Up to and including the line with "Hyundai-Tucson-I-1-owners-manual page 23 min", repeat every line of the listing exactly, beginning at the first.
+===+
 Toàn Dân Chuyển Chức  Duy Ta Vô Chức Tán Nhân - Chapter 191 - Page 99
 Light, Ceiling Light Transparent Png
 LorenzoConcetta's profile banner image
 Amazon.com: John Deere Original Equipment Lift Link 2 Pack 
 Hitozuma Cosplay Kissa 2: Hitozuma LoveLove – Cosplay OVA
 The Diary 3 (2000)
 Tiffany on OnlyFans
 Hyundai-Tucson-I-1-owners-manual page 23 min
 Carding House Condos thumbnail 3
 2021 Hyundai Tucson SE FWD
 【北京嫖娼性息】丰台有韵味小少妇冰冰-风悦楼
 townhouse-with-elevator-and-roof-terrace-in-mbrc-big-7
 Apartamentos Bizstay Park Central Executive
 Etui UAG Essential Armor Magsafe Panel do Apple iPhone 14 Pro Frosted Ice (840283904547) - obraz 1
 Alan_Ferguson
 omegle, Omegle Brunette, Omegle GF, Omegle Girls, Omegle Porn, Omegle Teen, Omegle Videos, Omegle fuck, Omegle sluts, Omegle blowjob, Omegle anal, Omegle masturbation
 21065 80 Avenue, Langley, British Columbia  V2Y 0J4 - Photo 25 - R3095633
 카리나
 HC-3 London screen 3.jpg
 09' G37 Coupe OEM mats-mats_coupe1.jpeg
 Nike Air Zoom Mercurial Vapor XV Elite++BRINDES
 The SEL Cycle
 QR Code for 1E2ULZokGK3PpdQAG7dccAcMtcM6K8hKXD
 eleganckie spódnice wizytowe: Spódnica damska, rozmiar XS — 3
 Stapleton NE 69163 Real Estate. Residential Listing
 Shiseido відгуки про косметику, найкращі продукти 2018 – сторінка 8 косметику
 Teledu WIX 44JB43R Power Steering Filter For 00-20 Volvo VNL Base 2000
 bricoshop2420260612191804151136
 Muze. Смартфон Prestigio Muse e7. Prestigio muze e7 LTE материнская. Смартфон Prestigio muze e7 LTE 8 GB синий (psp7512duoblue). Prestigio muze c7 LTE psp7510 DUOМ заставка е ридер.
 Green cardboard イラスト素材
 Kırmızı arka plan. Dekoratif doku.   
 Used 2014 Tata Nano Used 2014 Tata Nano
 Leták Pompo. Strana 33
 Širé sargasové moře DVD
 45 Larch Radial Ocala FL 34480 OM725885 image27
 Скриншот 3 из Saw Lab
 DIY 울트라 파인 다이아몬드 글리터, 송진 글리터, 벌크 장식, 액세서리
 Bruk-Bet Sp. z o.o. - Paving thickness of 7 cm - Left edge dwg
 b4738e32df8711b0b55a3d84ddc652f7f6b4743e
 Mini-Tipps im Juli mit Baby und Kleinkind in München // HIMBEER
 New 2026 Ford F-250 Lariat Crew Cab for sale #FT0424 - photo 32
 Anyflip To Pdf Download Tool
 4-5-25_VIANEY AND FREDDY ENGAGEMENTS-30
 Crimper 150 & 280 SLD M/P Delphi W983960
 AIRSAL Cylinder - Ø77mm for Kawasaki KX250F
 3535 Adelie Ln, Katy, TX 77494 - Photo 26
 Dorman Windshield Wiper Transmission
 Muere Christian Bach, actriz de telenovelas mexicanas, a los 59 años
+===+
[Reply]
 Toàn Dân Chuyển Chức  Duy Ta Vô Chức Tán Nhân - Chapter 191 - Page 99
 Light, Ceiling Light Transparent Png
 LorenzoConcetta's profile banner image
 Amazon.com: John Deere Original Equipment Lift Link 2 Pack 
 Hitozuma Cosplay Kissa 2: Hitozuma LoveLove – Cosplay OVA
 The Diary 3 (2000)
 Tiffany on OnlyFans
 Hyundai-Tucson-I-1-owners-manual page 23 min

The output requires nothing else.